Of Trenches & Timepieces

Wartime effects on the Waltham Watch Factory (1850-1865).

By Amy Green, Ph.D., Charles River Museum historian

Listed under the state and national registers of historic places in 1989, the Waltham Watch Company revolutionized modern manufacture, attracting visitors from all over the world.  Like its predecessors, the textile factories in New England, it mass produced all aspects of production under one roof.  But in comparison to textiles, this was nothing short of a miracle given that watches were made up of over 160 miniature, moving pieces.  Mass production supplanted the former cottage industry, hand assembling parts at different locations–an imprecise and time consuming process that produced a very expensive finished product.  The factory also introduced precision machines (heretofore used primarily in gun manufacture) to forge miniature parts for the watch movement.  They used fairly advanced assembly line methods to piece together the watch as a whole.   This investigation of watchmaking and modern manufacture will highlight the themes above, but especially it will discuss the economic vulnerability of this enterprise in the 1850s and its surprising reprieve during the Civil War.

Dennison.jpg

In 1850, Aaron Dennison, a watchmaker from Boston, wanted to establish watchmaking on a large-scale. He envisioned a Boston-based factory with global leadership, one that abandoned traditional methods, maintained a standard of excellence, and produced a variety of watch types, at a lower cost.  First located in Roxbury Massachusetts, and operating under many different names, the factory finally found its home in 1854, purchasing vacant farmland by the Charles River in Waltham, Massachusetts.[1]  By 1885 the name of the factory was changed from the American Watch Factory to the American Waltham Watch Company, and was renamed the Waltham Watch Company in 1905.   Riddled with both successes and failures, the company struggled to maintain profitability throughout its existence, and was especially vulnerable to market volatility during the 1850 and 1860s. 

Still, its achievements made it a leader in the Industrial Revolution: a mass produced timepiece boasting a level of precision outshining all watchmaking world-wide.  This major innovation in watchmaking was made possible by the invention of automatic machines, designed to produce watch parts with great efficiency, eliminating, as mentioned earlier, the craft production of watches. Waltham’s greatest achievement to which other businesses and manufacturers aspired was standardization in all processes processes of production: 1) standardization of the actual watch parts, which I will discuss in more detail below, and 2) standardization of the actual assembly process, bringing efficiency into the movement and motions of each laborer, technically referred to as the division of labor—dividing labor into efficient units requiring only one or a few, repetitive tasks—anticipating the modern assembly line.  

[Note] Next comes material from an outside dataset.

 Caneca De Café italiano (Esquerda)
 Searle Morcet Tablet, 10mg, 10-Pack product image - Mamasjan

The idea to adopt a process of manufacture, (whereby the miniaturized pieces for the watch could be produced by machinery), and where watches could then be mass produced was radical in its reach.   Dennison, youthful and idealistic, was the watch repairman who first put this idea into practice, and was joined in his efforts by three investors from Boston.  Dennison introduced and applied the concept of “standardized, interchangeable parts.”[2]  Of great inspiration to Dennison was the Springfield Armory, where he was a regular observer—here parts for rifles were so “identical in form and dimension” that they could be interchanged between any gun model.[3]  No longer having to specialize each part for each product,  interchangeability cut costs, increased efficiency, and overall precision of the final product. When applied to the machining of watches, unfortunately, the parts were not always interchangeable, and each watch had unique errors that had to be fixed.[4]

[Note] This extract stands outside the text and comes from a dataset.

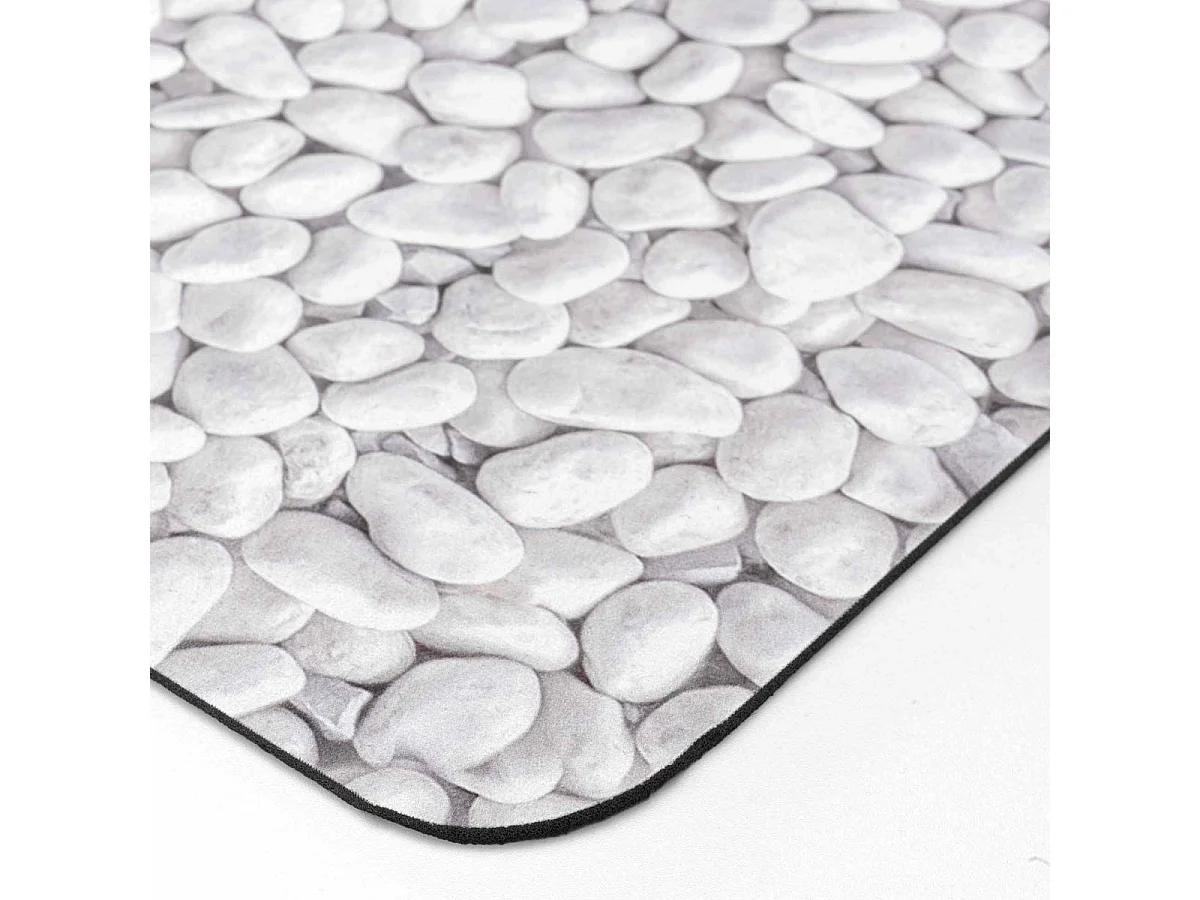 Tapis de Bain Imprimé "Leandra" 50x120cm Gris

Notwithstanding the early shortcomings of interchangeable parts, the machining improved over time, and despite the obstacles mentioned above, machining led to a superior watch, for handwork could never match machine work in precision and quantity.  For example, Charles Vander Woerd’s Automatic Screw Machine, pictured here (and see video below), made highly refined, miniature screws.  One operator might attend over six of these machines, producing fifty to sixty thousand screws a day. By comparison, using older methods,  a watchmaker with the help of an assistant might make up to fifteen hundred screws in a day, maximum.

The Waltham Watch Co. Automatic Screw Machine

By 1884, the factory in Waltham had produced over two million five hundred watches!  Waltham employed as many as two thousand, four hundred laborers, a jump from their earliest figure of seventy five.   And, by 1890, Waltham Watch Factory delivered “nearly twenty-two hundred finished movements” per day.[5]  The American System of Manufacturing, whereby machines made machines, was taken to a new level at Waltham—so much so that legend has it that the Swiss, and automobile manufacturer Henry Ford, among other individuals and groups, came to view the miracle of the machined made watch.   Of interest to Ford was the streamlining of the workplace, generating more out of each worker than previously known, an inspiration to his famed assembly line process.   While the Swiss came to the factory to observe and learn about the making of precision watch movements.